Potential partners need not be restricted to relatives or friends of the groom or bride – it could be just as easily the guy who has tagged along with a female cousin because she didn’t want to come to the wedding alone or the formerly married co-worker who has finally got the divorce. So mingle around with the wedding guests and you will be in a better position to sift out the real singles from the crowd of good-looking men. What’s more, you need not even restrict your search to the guests; keep an eye out for the hunk who has come to deliver the flowers or the young head of catering who is on his way to a budding entrepreneur. Pay a compliment or two about how nicely they have done their job and if lucky you may have got yourself a date coming Saturday evening.
While almost everybody has a messy relationship in the past, weddings are primarily feel-good affairs. People attend weddings to sing, dance and have a good time. So adopt a warm and outgoing attitude so that men will feel comfortable approaching you when there’s an opportunity. Be casual in your conversation and leave the sob stories about your past or present at home. Avoid cribbing about other guests, and especially about the bride/groom – showing up anyone in a negative light is bound to reflect on you poorly and many a potential partner may be put off. And even though, many couples allow single guests to bring dates, try and avoid bringing a date to the wedding. Having a male date accompany you to the wedding will likely discourage any single male guests from approaching you. In fact an article at Fox News1 has an interesting take on the differences between men and women as regards bringing a date to a wedding. While women are more likely to let just about anyone tag along for fear of appearing single, men are reluctant to take a date unless they are quite serious about the partner.
Look your best
Show up at the wedding looking your absolute best since this will definitely give you an edge in your efforts at meeting singles. Get a manicure, pedicure and maybe even a facial and ensure that your hair is nicely styled. Take the time to look beautiful and feel your best. At the same time though, make sure your make up is subtle and your dress appropriate. Don’t go overboard with the perfume or jewelry. Keep in mind that this is the bride’s special day and any obvious attempts to overshadow her will be in bad taste.
Keep a level head
For many, weddings are the occasion to be merry, bask in general feeling of happiness and leave troublesome thoughts behind. However don’t turn this into an excuse to pig out or get drunk. Control your eating and drinking behaviors at the reception since nothing is quite as unattractive to a man as a woman who makes a spectacle of herself. Eat, drink and dance with good cheer but in a way that does not appear distasteful.
Keep it simple
If you are lucky enough to meet someone, keep things casual. Find out what his likes and dislikes are and try to steer the conversation in that direction. Be genuinely interested in who he is as a person, and try to have as much fun as you can — but don’t force chemistry if you feel it isn’t there; above all don’t get maudlin and weepy about how alone and miserable your life is as a single – for all you know, the poor guy may take fright and head for the nearest exit.
As the wedding reception is winding down and it is time for guests to leave, you may hand him a business card and simply say, “It was nice talking to you, here’s my card” Or “Here’s my card.

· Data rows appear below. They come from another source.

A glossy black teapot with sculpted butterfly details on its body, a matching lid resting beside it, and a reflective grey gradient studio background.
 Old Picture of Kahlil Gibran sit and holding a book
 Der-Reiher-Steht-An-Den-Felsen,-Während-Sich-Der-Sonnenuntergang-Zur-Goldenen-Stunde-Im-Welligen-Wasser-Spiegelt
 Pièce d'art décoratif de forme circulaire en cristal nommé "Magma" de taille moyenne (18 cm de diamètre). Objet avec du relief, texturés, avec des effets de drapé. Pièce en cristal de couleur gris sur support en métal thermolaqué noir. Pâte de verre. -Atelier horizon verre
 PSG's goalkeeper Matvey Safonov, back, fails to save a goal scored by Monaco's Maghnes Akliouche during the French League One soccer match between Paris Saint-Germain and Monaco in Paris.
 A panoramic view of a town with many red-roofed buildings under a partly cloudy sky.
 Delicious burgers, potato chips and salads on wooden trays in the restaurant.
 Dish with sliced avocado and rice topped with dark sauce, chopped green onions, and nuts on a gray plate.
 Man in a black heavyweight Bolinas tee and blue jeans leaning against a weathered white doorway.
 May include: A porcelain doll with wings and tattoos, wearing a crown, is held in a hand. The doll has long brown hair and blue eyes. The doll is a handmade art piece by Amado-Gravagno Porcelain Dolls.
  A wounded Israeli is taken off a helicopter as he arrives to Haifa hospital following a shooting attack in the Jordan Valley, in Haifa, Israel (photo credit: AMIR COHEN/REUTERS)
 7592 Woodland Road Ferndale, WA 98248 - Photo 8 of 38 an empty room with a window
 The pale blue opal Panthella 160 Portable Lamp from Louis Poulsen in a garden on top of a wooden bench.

Give me a call sometime.” The card could have your name, email address and a phone number where you are OK being called at which may not necessarily be your cell number. Say bye quickly and cheerfully so that you can leave him wanting more. If you are seriously taken up with this guy, you can ask the bride or groom about him after they return from their honeymoon. Maybe they can even have a get-together and invite the two of you over if he is interested.
Finally relax, and have fun. Keep in mind that the primary purpose of the event is not to find you a date but to celebrate the bride and her groom on their special day. So smile, dance and have a good time. Catch the bouquet and enjoy the evening and who knows the lovely energy you radiate may attract a nice eligible guy to you.